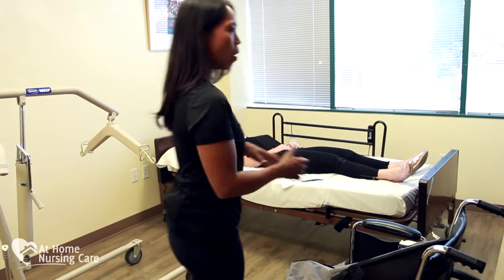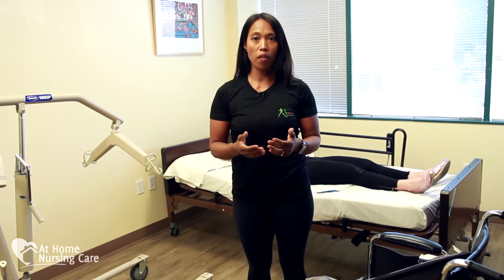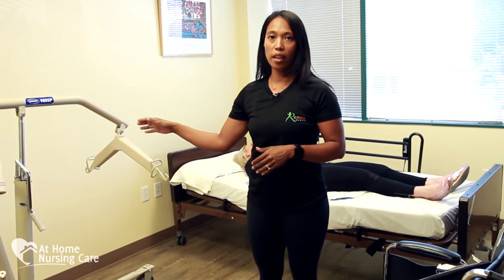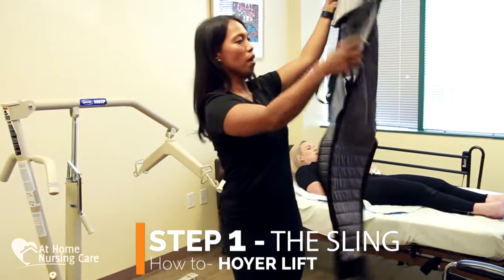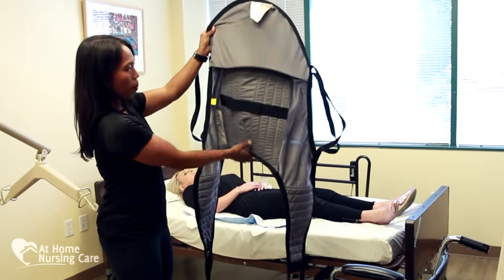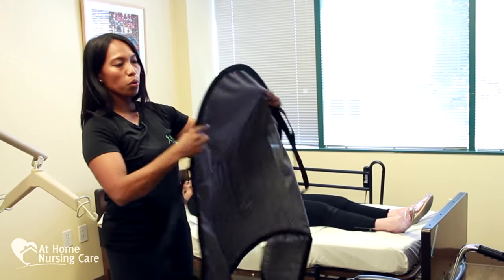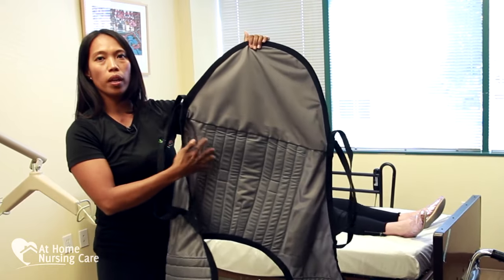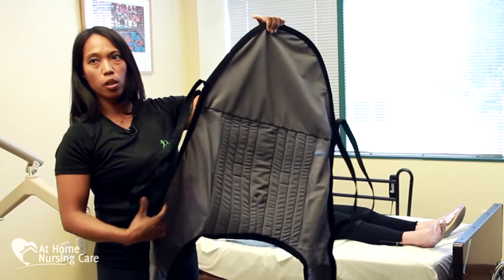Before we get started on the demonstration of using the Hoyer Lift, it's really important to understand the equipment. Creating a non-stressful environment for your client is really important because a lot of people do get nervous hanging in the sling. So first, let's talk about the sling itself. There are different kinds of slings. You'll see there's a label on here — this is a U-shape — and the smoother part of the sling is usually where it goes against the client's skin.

...

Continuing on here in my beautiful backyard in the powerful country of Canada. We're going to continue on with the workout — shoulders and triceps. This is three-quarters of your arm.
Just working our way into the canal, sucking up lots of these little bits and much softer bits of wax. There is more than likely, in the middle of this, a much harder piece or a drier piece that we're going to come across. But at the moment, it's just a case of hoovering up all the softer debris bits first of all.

* * *

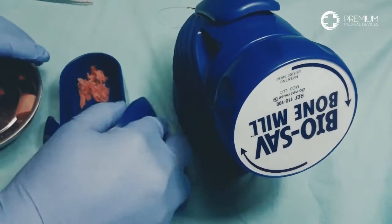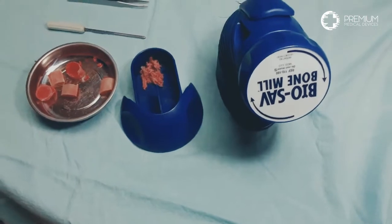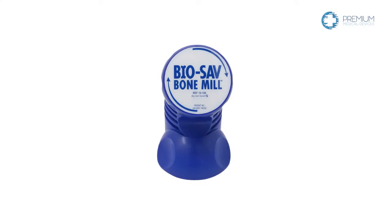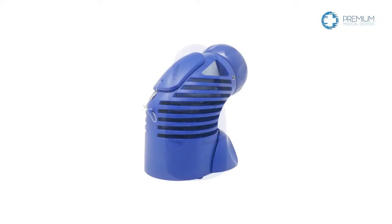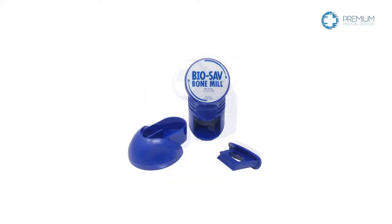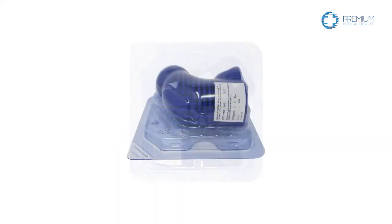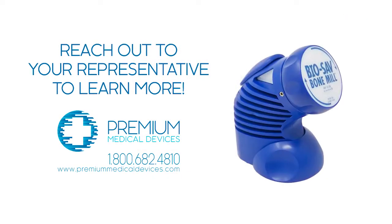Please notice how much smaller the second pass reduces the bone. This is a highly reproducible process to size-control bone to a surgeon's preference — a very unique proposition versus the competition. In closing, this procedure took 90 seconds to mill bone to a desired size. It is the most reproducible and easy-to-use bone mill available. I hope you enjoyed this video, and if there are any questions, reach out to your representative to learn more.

* **WORK ITEM**
Show each line of the material that includes the string "going" by copying it.

* **RESULT**
Continuing on here in my beautiful backyard in the powerful country of Canada. We're going to continue on with the workout — shoulders and triceps. This is three-quarters of your arm.
Just working our way into the canal, sucking up lots of these little bits and much softer bits of wax. There is more than likely, in the middle of this, a much harder piece or a drier piece that we're going to come across. But at the moment, it's just a case of hoovering up all the softer debris bits first of all.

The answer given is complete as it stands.